From a production standpoint, there’s a clear downside: Wood is an organic material that has lots of irregularities, so it isn’t easy to work with. Grovemade outsources some of its metal bending and machining, but Tomita says that their processes for wood finishes are “un-outsourceable” because they’re “too finicky” to entrust to anyone else.
“The speakers are going to be tough,” he adds. 3-axis CNC machining leaves grooves in the wood. The finer the path, the fewer the grooves, but more paths means that each piece takes much longer to produce. “It’s hard, time-consuming, and expensive for us,” Tomita explains.
That’s probably why nobody else makes speakers like this. Tomita is happy to fill that niche because it fits his ideal of focusing on “things that only we can do.” For now, their challenge is to learn to produce the speaker more efficiently so it can become profitable.
Using Fusion 360 to Drive the Iterative Design Process
During the design process, the Grovemade team typically goes back and forth between CAD and physical models. That process starts with sketches, cardboard models, and mockups made from blocks of foam or wood, then iterates back into the software as they add details. It always comes back quickly to physical prototypes in wood. Tomita explains that even great renderings or 3D prints simply aren’t the same as being able to hold the wooden object.
The team loves how Fusion 360 combines CAD with CAM. That seamless integration makes it incredibly easy — and fast — to make changes in the design and then machine another prototype immediately using their in-house CNC equipment.
“We need to be able to make changes quickly and try it again,” Tomita explains. He adds that they routinely go from CAD to CAM to machining to holding it in their hands all in the same day — “which is absolutely incredible.”
Grovemade used to work with a combination of different 3D design and CNC packages, Tomita says, “but the software was so time-consuming that we wouldn’t do [prototyping] a lot of times.” Fusion 360 gave them an all-in-one application that, besides being far less expensive, allowed them to avoid that friction and go straight to machining anytime they want. And because it’s all integrated, they don’t have to worry about migrating design changes across multiple pieces of software. “If we change one thing, we don’t have to redo it on the other,” Tomita says. “It’s pretty massive.”

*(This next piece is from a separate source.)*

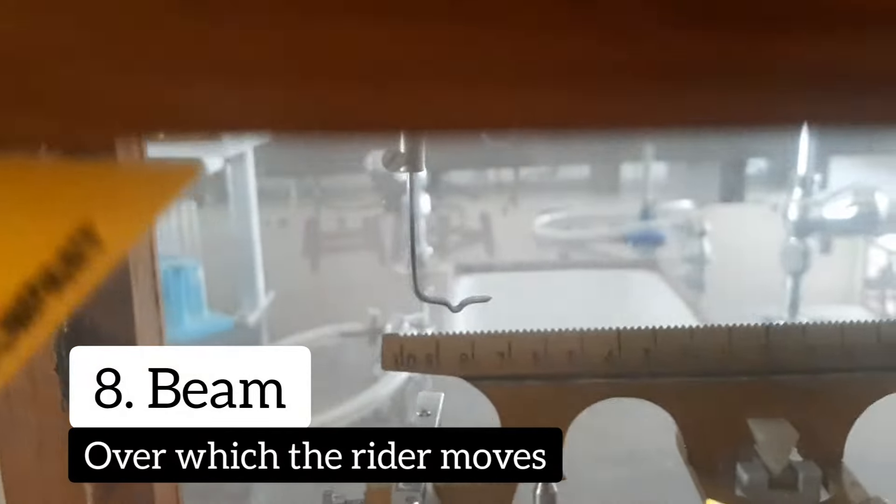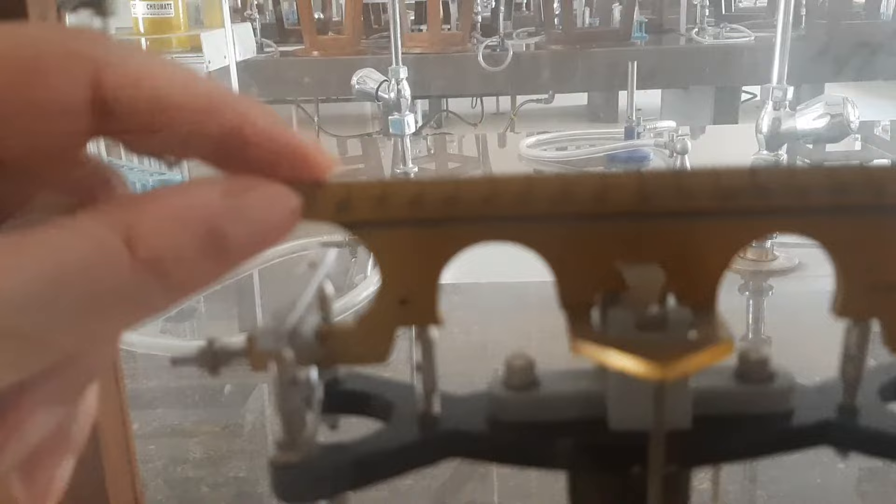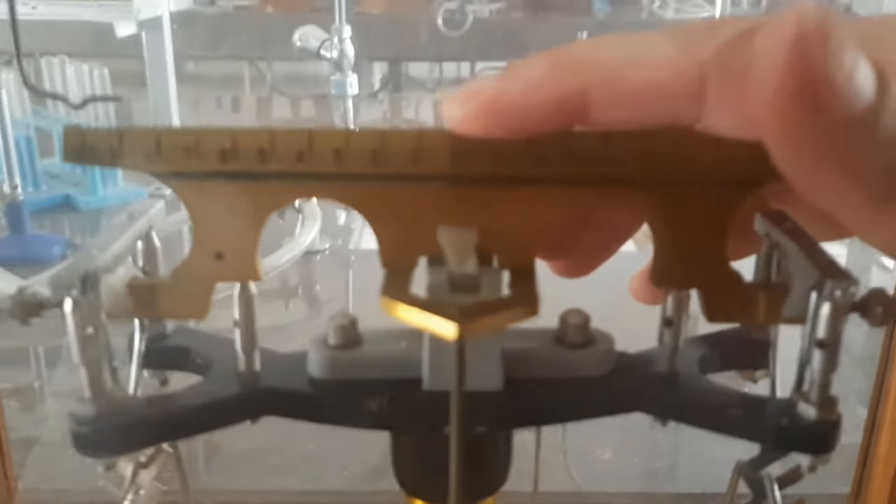This part is the beam, and this is where we are going to pick up and place a rider. This is the rider scale on which we place a rider to make minor adjustments in mass. In the center we have zero, and it goes from zero to ten on this side and similarly zero to ten on the other side.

All in all, he adds, Fusion 360 “fits right in with the scale of our business”
Finding Customers Who Appreciate Great Work
Tomita credits Grovemade’s uncompromising stance for attracting passionate and loyal customers. He believes that people who buy their products can feel the hard work that went into making them.
He hopes that the same will be true for the new speaker, which he describes as “a home run swing.” But he also makes it clear that he’s not worried about it: “If you’re not comfortable with striking out, you’re never going to hit a home run.”
For Tomita and the rest of the Grovemade crew, satisfaction comes when they give it everything they have. They focus on the things they can control — that uncompromising commitment to beautiful design and high quality — and don’t worry about the outcomes. “We’re always evolving,” Tomita says. “We don’t really know what the future is.”
The challenge to grow and learn every day is exactly what Tomita wants: “I feel like we’re constantly scrapping to make it work, but I wouldn’t want it any other way.”